Return each entry word for word and skip its pictures.

*** Opening of RECORDS SHOWN ***

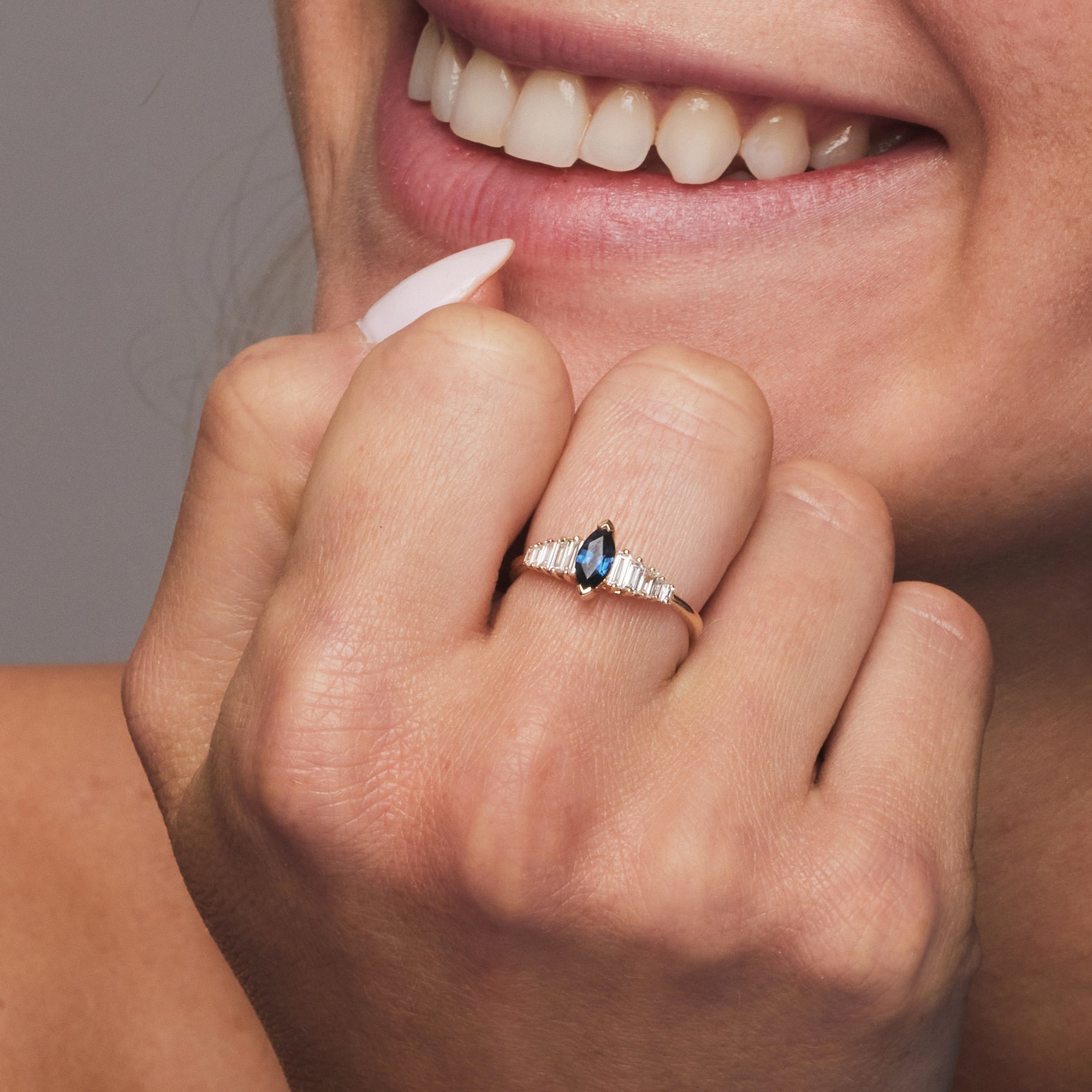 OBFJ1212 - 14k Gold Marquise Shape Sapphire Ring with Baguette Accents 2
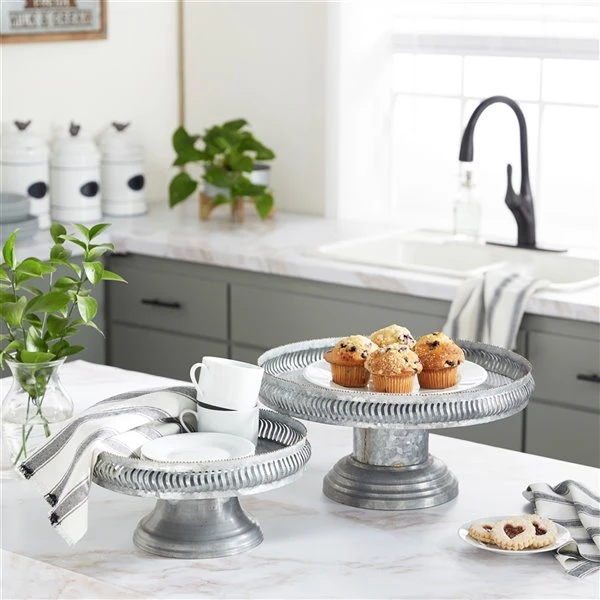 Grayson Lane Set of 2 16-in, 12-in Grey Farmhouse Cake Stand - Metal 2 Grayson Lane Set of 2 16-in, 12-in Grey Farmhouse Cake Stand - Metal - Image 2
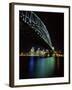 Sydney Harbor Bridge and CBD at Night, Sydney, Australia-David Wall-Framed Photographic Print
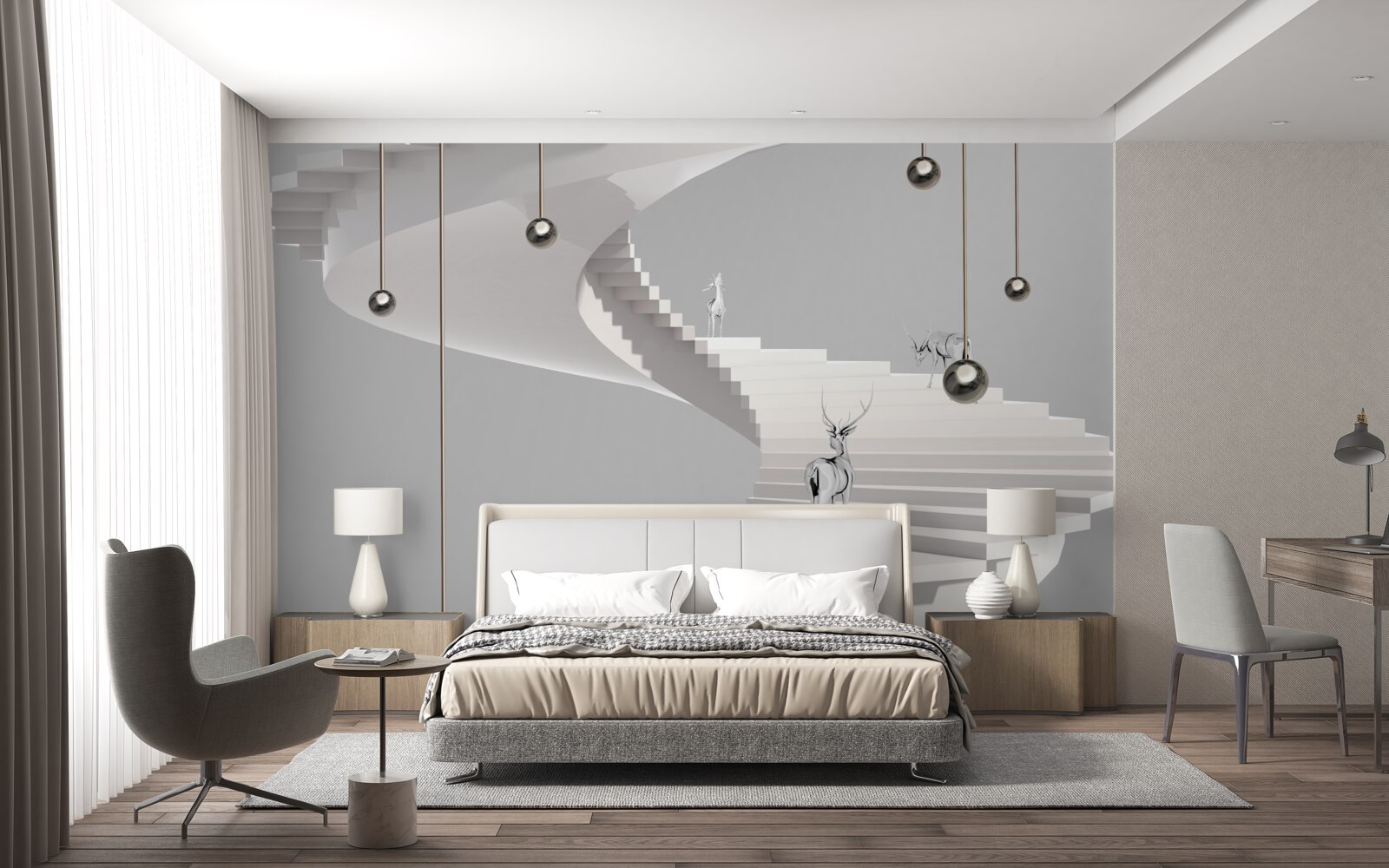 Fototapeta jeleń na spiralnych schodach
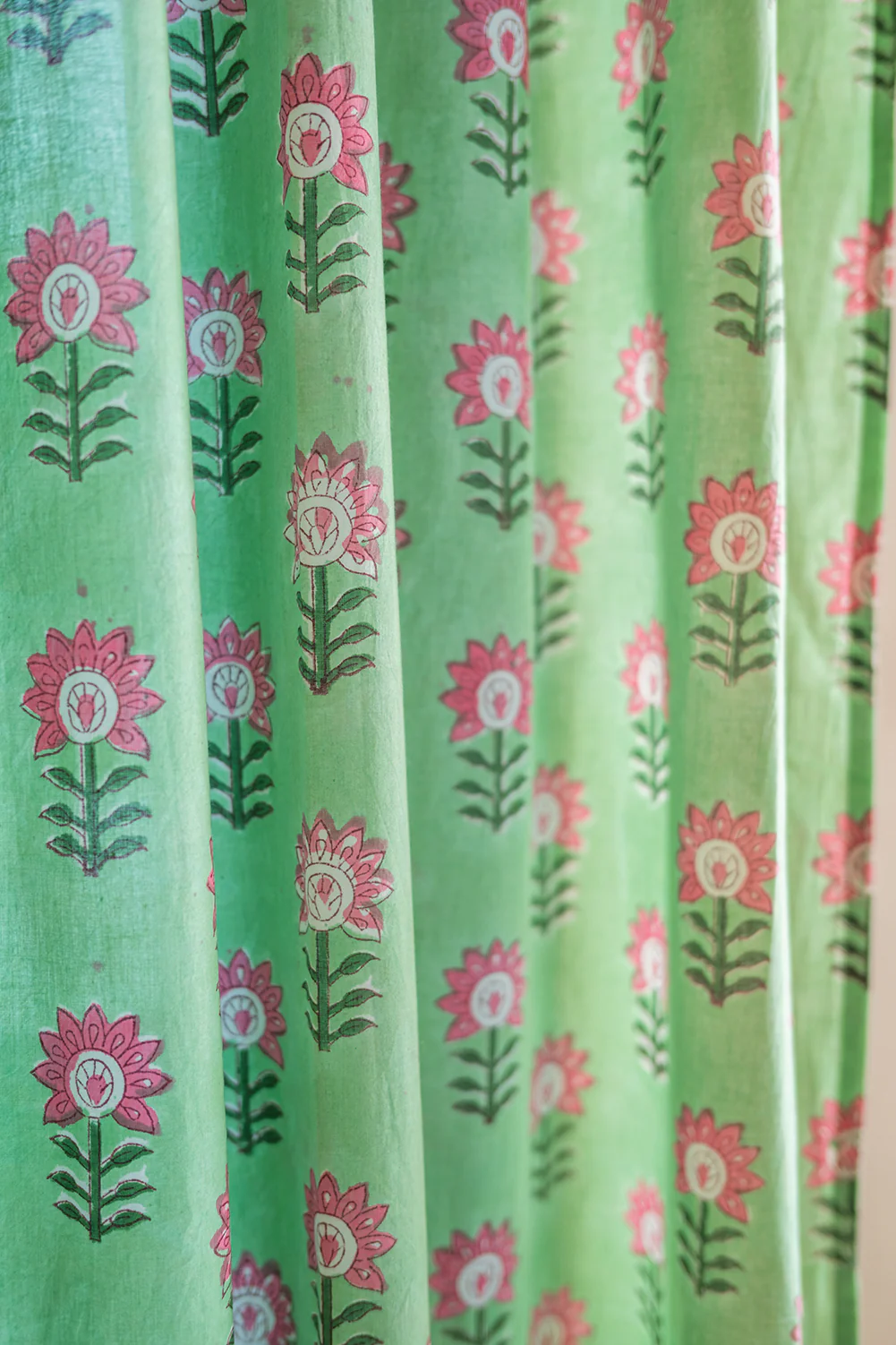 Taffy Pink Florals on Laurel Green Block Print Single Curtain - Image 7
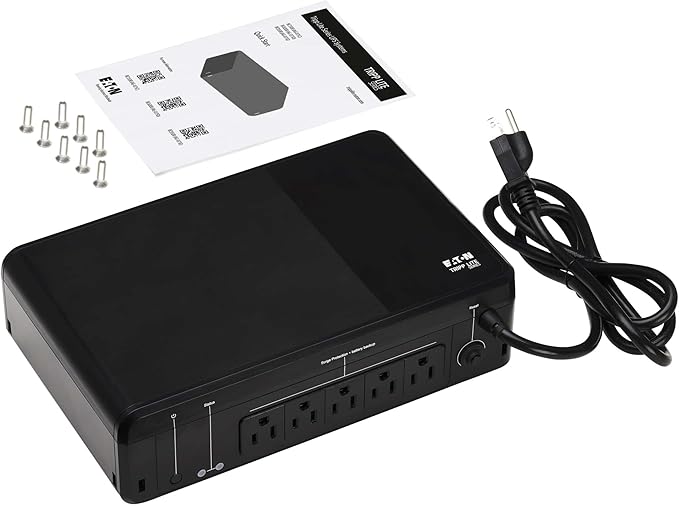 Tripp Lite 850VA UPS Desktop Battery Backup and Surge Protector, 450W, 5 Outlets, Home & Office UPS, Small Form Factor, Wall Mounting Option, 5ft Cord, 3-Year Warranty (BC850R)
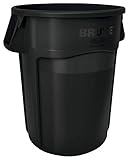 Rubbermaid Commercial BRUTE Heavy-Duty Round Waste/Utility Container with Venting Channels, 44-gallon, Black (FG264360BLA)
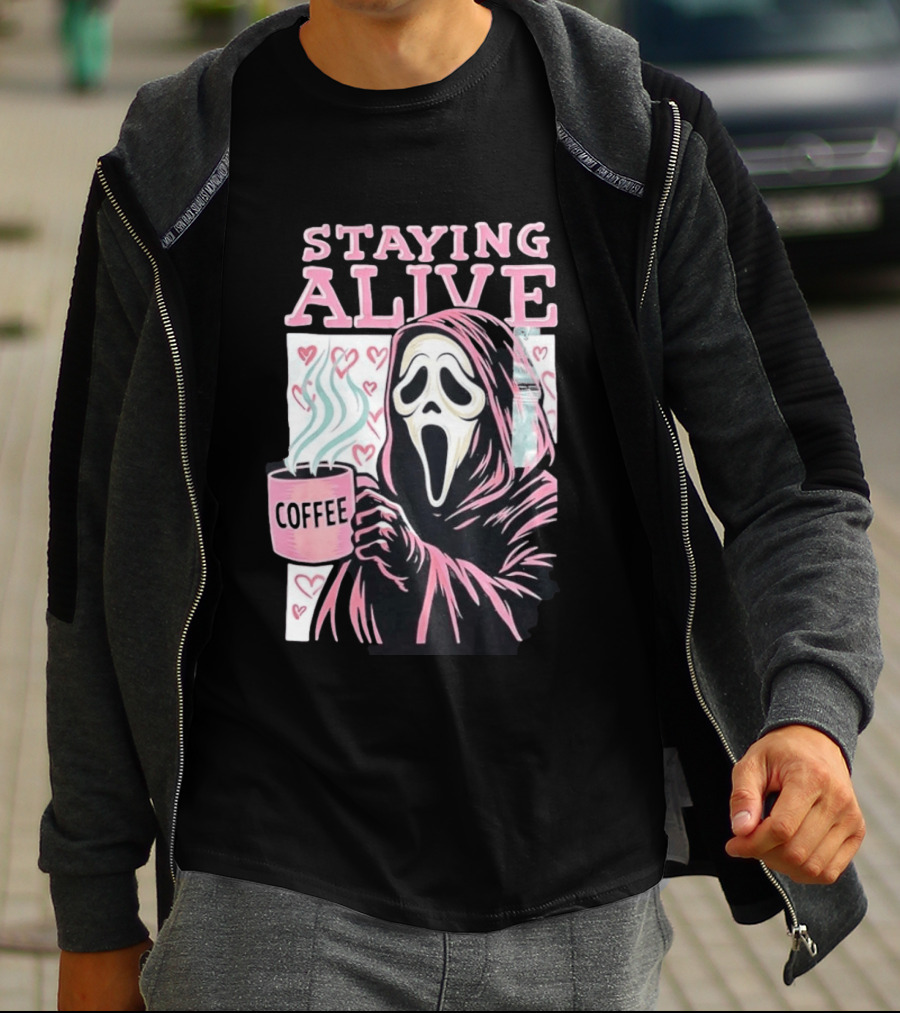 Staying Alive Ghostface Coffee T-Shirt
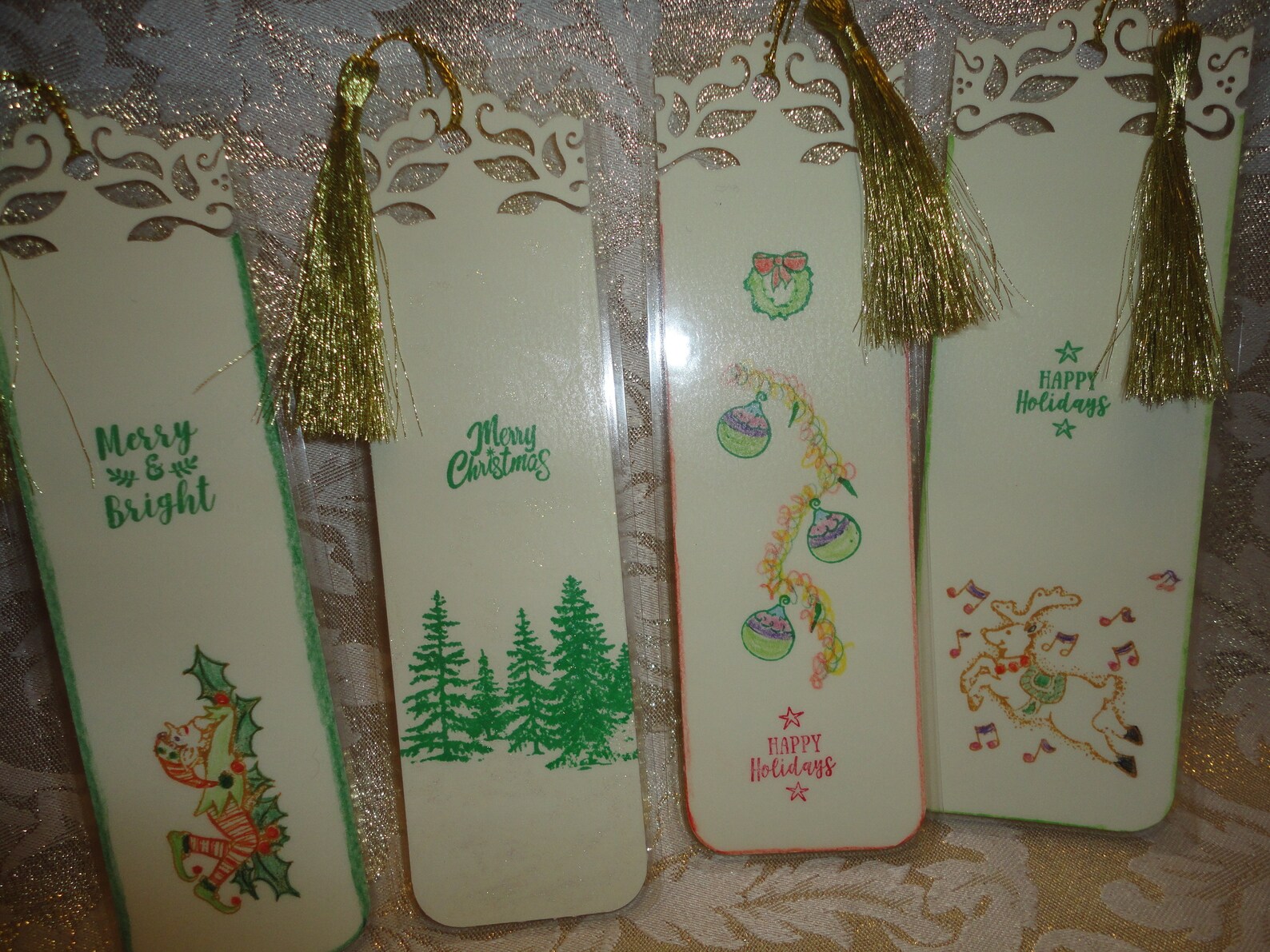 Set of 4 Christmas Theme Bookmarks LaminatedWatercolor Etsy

*** Close of RECORDS SHOWN ***

RESPONSE ▸
 OBFJ1212 - 14k Gold Marquise Shape Sapphire Ring with Baguette Accents 2
 Grayson Lane Set of 2 16-in, 12-in Grey Farmhouse Cake Stand - Metal 2 Grayson Lane Set of 2 16-in, 12-in Grey Farmhouse Cake Stand - Metal - Image 2
 Sydney Harbor Bridge and CBD at Night, Sydney, Australia-David Wall-Framed Photographic Print
 Fototapeta jeleń na spiralnych schodach
 Taffy Pink Florals on Laurel Green Block Print Single Curtain - Image 7
 Tripp Lite 850VA UPS Desktop Battery Backup and Surge Protector, 450W, 5 Outlets, Home & Office UPS, Small Form Factor, Wall Mounting Option, 5ft Cord, 3-Year Warranty (BC850R)
 Rubbermaid Commercial BRUTE Heavy-Duty Round Waste/Utility Container with Venting Channels, 44-gallon, Black (FG264360BLA)
 Staying Alive Ghostface Coffee T-Shirt
 Set of 4 Christmas Theme Bookmarks LaminatedWatercolor Etsy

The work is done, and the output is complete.